Como Jesús en sus sufrimientos, asimismo sus seguidores en los suyos deben
mirar al cumplimiento de la Escritura. No se los dijo antes, porque estaba con
ellos para enseñarles, guiarlos y consolarlos, entonces ellos no necesitaban
esta promesa de la presencia del Espíritu Santo.
Nos
silencia preguntarnos ¿de dónde vienen los problemas? Nos satisfará
preguntarnos, ¿adónde van? Porque sabemos que obran para bien. Falta y necedad común
de los cristianos tristes es mirar sólo el lado oscuro de la nube haciendo
oídos sordos a la voz de gozo y júbilo. Lo que llenó de pena los corazones de
los discípulos era un afecto demasiado grande por esta vida presente. Nada
obstaculiza más nuestro gozo en Dios que el amor al mundo, y la tristeza del
mundo que viene con aquel.
La
partida de Cristo era necesaria para la venida del Consolador. Enviar el
Espíritu iba a ser el fruto de la muerte de Cristo, que fue su partida. Su
presencia corporal podía estar solamente en un lugar a la vez, pero su Espíritu
está en todas partes, en todos los lugares, en todos los tiempos, dondequiera
que dos o tres estén reunidos en su nombre.
Veo
en esto el oficio del Espíritu, primero reprobar, o convencer de pecado.

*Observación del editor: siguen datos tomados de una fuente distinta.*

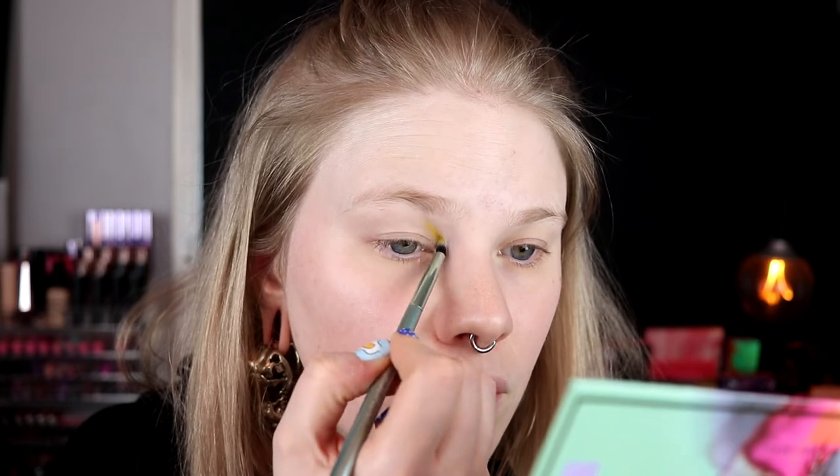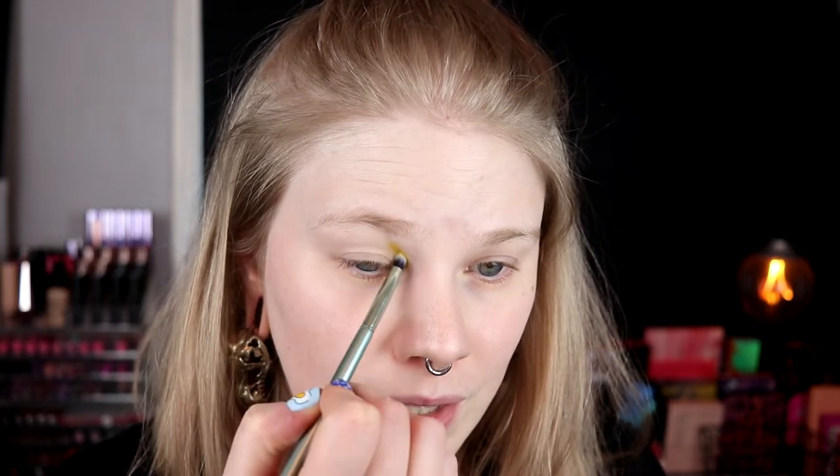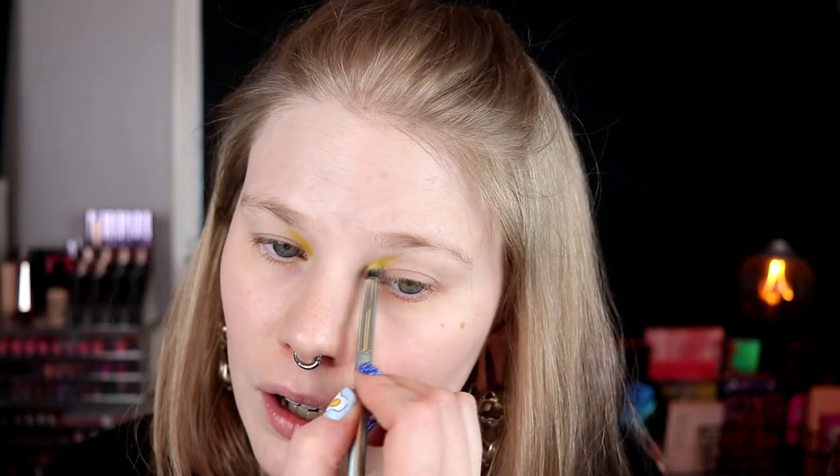I don't really know how to do these videos — whether I should do a review at the end, or just talk about my feelings about the palette as I go. I think I'm just going to talk about it now while I do my makeup, and if you want me to do it the other way around, you can just tell me. I think I had this color underneath my eyes in my first impression, and I said it was a really good yellow. I still feel it is — I've tested out a lot of yellow eyeshadows since then, but I feel this is still a good yellow.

La obra de convicción de pecado es obra del Espíritu, que puede hacerla
eficazmente y nadie sino Él solamente. El Espíritu Santo adopta el método de
condenar el pecado primero y luego consolar. El Espíritu convencerá al mundo de
pecado; simplemente no se limitará a decírselo. El Espíritu convence de que
el pecado es un hecho, de la falta del pecado, de la necedad del pecado, de la
inmundicia del pecado, que por eso llegamos a ser aborrecidos por Dios, de la
fuente del pecado: la naturaleza corrupta, y, por último, del fruto del pecado
cuyo fin es la muerte. El Espíritu Santo demuestra que todo el mundo es
culpable ante Dios. Él convence al mundo de justicia; que Jesús de
Nazaret fue Cristo, el justo, además, de la justicia de Cristo que nos es
imputada para justificación y salvación. Él les muestra de dónde se obtiene y
cómo pueden ser aceptados por justos según el criterio de Dios. La ascensión de
Cristo prueba que el rescate fue aceptado y consumada la justicia por medio de
la cual los creyentes iban a ser justificados. De juicio porque el
príncipe de este mundo es juzgado. Todo estará bien cuando sea roto el poder
del que hizo todo el mal. Como Satanás es vencido por Cristo, esto nos da
confianza, porque ningún otro poder puede resistir ante Él. Y del día del
juicio.
La
venida del Espíritu iba a ser una ventaja indecible para los discípulos. El
Espíritu Santo es nuestro Guía, no sólo para mostrarnos el camino, sino para ir
con nosotros con ayudas e influencias continuas. Ser guiados a una verdad es
más que conocerla apenas, no es tener su noción tan sólo en nuestra cabeza,
sino su deleite, su sabor y su poder en nuestros corazones. Él enseñará toda la
verdad sin retener nada que sea provechoso, porque mostrará cosas venideras.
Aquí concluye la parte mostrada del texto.